You state your points like facts- can you back them up?

Go ahead call me stupid I welcome it.

From the quoted piece.

"It only takes about 50 contact hours to transmit basic literacy and math skills well enough that kids can be self-teachers from then on. The cry for "basic skills" practice is a smokescreen behind which schools pre-empt the time of children for twelve years and teach them the six lessons I've just taught you."

From my own experience, it takes more than 50 contact hours, but it does not take years either. My grandson Nick was reading phonetically by the age of three and a half. Once he learned to read he was able learn a great deal on his own initiative. All his parents (my son and daughter in law) had to do was get him the books he needed and wanted.

Ba'al Chatzaf

Ba'al, thank you. Maybe you sensed that I would never bother to follow a link provided by such a source. I am going to send it to my son so that my grandson, future Prime Minister and World Men's Figure Skating Champion Jamie, can reach his goals faster. He will be 2 next month- and can count to 13 now, maybe his parents are already using similar methods. My daughter

in law is a way better mother than I ever was, and my son is just doing what comes naturally, as his own father's son. ("This man's father was..."no, no!Whoever is trying to meld with my mind this time, just go away! I'm trying to be clear and coherent and original and inspiring here!)

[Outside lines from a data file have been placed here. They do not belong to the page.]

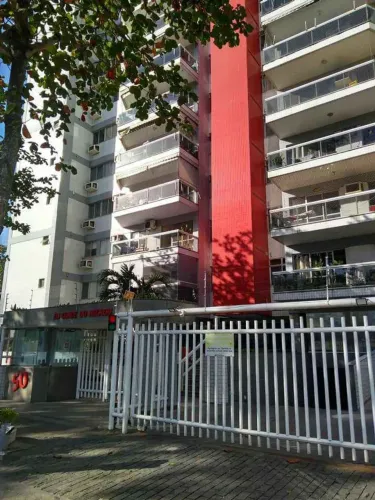 APARTAMNETO RECREIO BARRA BONITA VENDO OU ALUGO / 100 m 3 q PRAIA BRT METRO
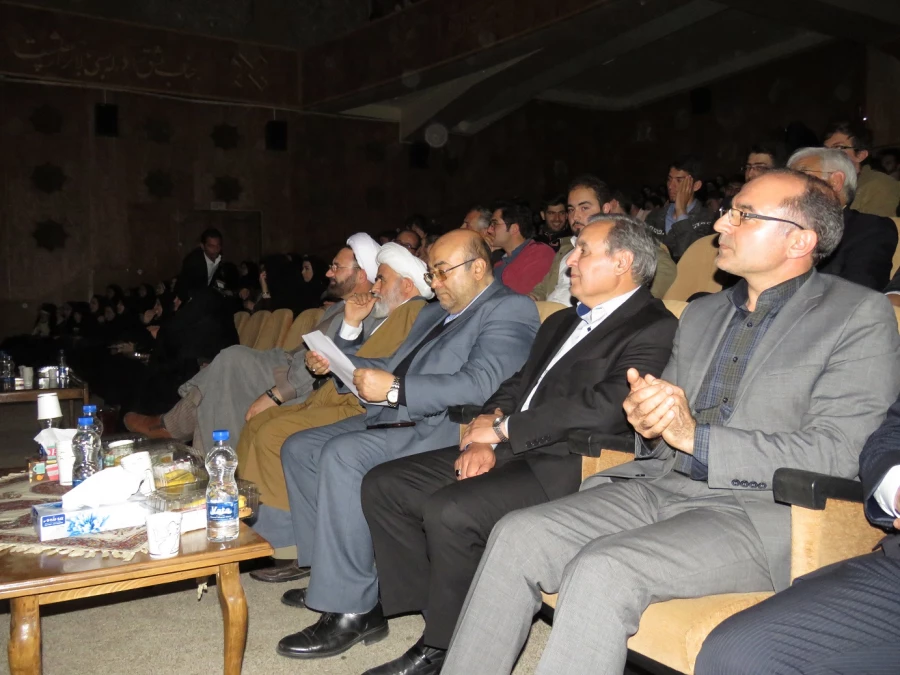 دکتر عبدی در آیین تجلیل از نومعلمان و دانشجومعلمان برتر :

باید در دانشگاه شریف فرهنگیان با تلاش مضاعف و همت والای جوانان و مسئولان، با آرامش و اراده آهنین، به پرورش و شکوفایی استعدادهای بی نهایت این سرزمین تمرکز شود. 
 2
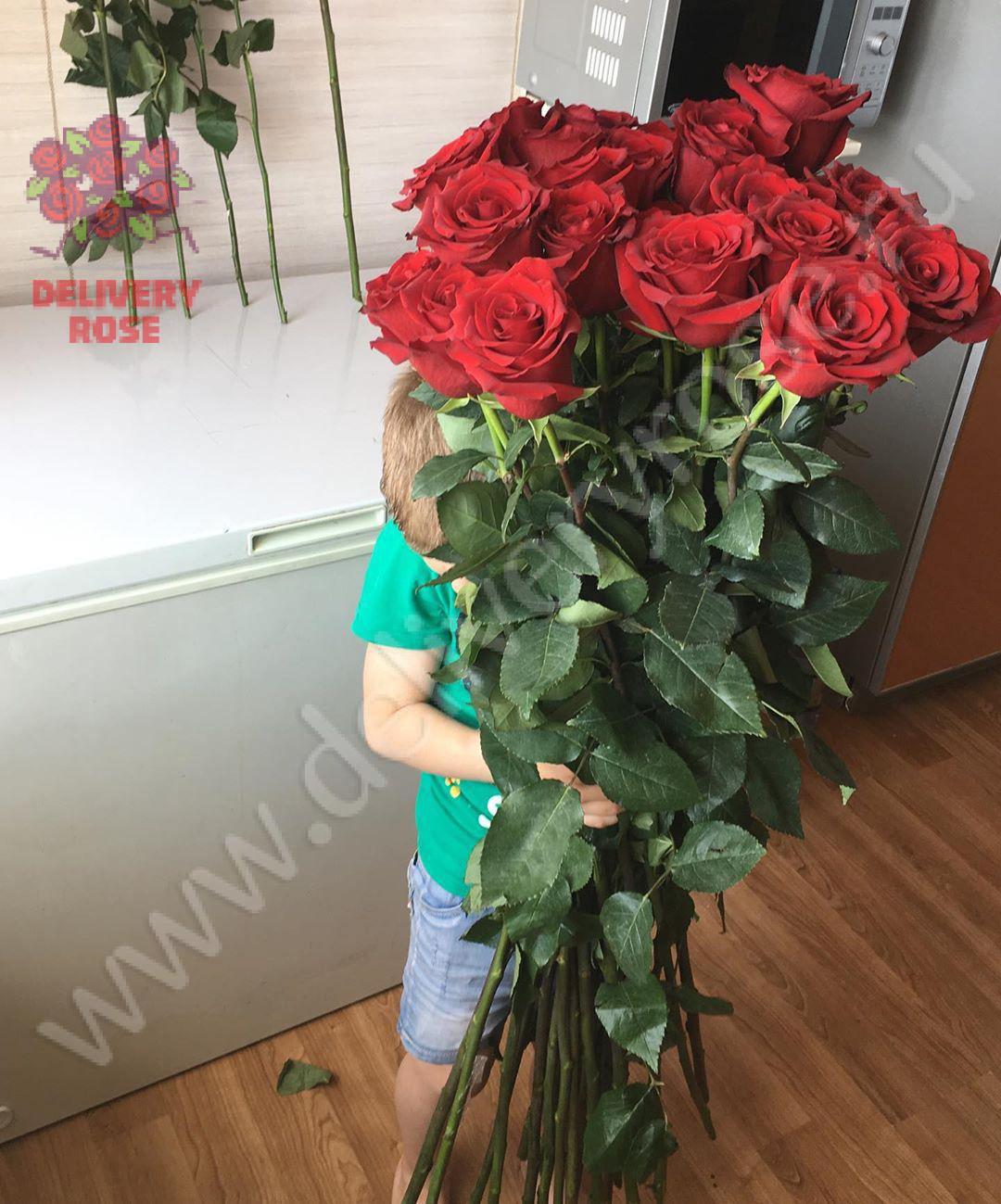 17 длинных роз 110 см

Sorry about that. My impression is that young parents today are much better than those of my generation. Maybe the bad ones just keep the kids home all the time so I never see these families, but I really don't think that's likely.

I enjoy your Socrates tag every time it comes up. On this note, I will never tire of looking at Rowan Atkinson either, or of being reminded that there is indeed a free lunch, and I am eating it.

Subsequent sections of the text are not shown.